Closed urchade closed 3 years ago
thanks. Can you by any chance provide an example? I will take a look.
The problem also occurs during inference :
import torch, torch_struct
import matplotlib.pyplot as plt
torch.manual_seed(1)
batch, N, C, K = 3, 10, 2, 6
def show_sm(chain):
plt.imshow(chain.detach().sum(1).sum(-1).transpose(0, 1))
log_potentials = torch.randn(batch, N, K, C, C)
# dist with and withoud mask length (we do not pad the 0th element of the batch)
dist_1 = torch_struct.SemiMarkovCRF(log_potentials)
dist_2 = torch_struct.SemiMarkovCRF(log_potentials, lengths=torch.LongTensor([N+1, 5, 1]))
dist_3 = torch_struct.SemiMarkovCRF(log_potentials, lengths=torch.LongTensor([N+1, 5, 4]))
# argmax for the 0th index should be the same for every dist since there is no padding on this index
assert torch.allclose(dist_1.argmax[0], dist_2.argmax[0])
assert torch.allclose(dist_1.argmax[0], dist_3.argmax[0])
assert torch.allclose(dist_2.argmax[0], dist_3.argmax[0])
oh thanks, this is a useful test (and sounds like a bug)
@da03 we should fix this. Any chance you could take a first look?
@urchade Thanks for pointing this out! It's fixed in PR #114. The issue was due to this line https://github.com/harvardnlp/pytorch-struct/blob/5328ec52263c008d209cfda171de85d51c4d988f/torch_struct/semimarkov.py#L67 not considering different ending positions for sentences of different lengths.
Besides, I also added back another implementation _dp_standard
for log partition calculation that's more memory-efficient, which can be used like below:
import torch, torch_struct
torch.manual_seed(1)
batch, N, C, K = 3, 10, 2, 6
log_potentials = torch.randn(batch, N, K, C, C)
dist_1 = torch_struct.SemiMarkov()
dist_2 = torch_struct.SemiMarkovCRF(log_potentials, lengths=torch.LongTensor([N+1, 5, 1]))
assert torch.allclose(dist_1._dp_standard(log_potentials, lengths=torch.LongTensor([N+1, 5, 1]))[0], dist_2.partition)
Oh wow, impressive @da03 ! This code is really complex.
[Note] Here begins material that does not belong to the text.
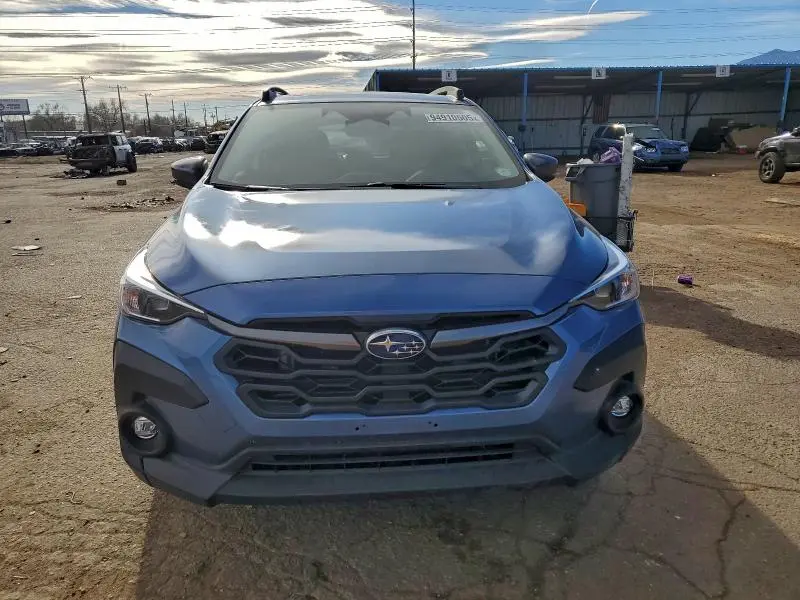 2024 SUBARU CROSSTREK PREMIUM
Long term let make SemiMarkovParallel and SemiMarkovFlat their own classes and let CRF pick which one to use.
I encounter learning instability when using a batch size > 1 with the semi-markovian CRF (loss goes to very large negative number), even when explicitly providing "lengths". I think the bug comes from the masking. The model train well when setting batch size 1.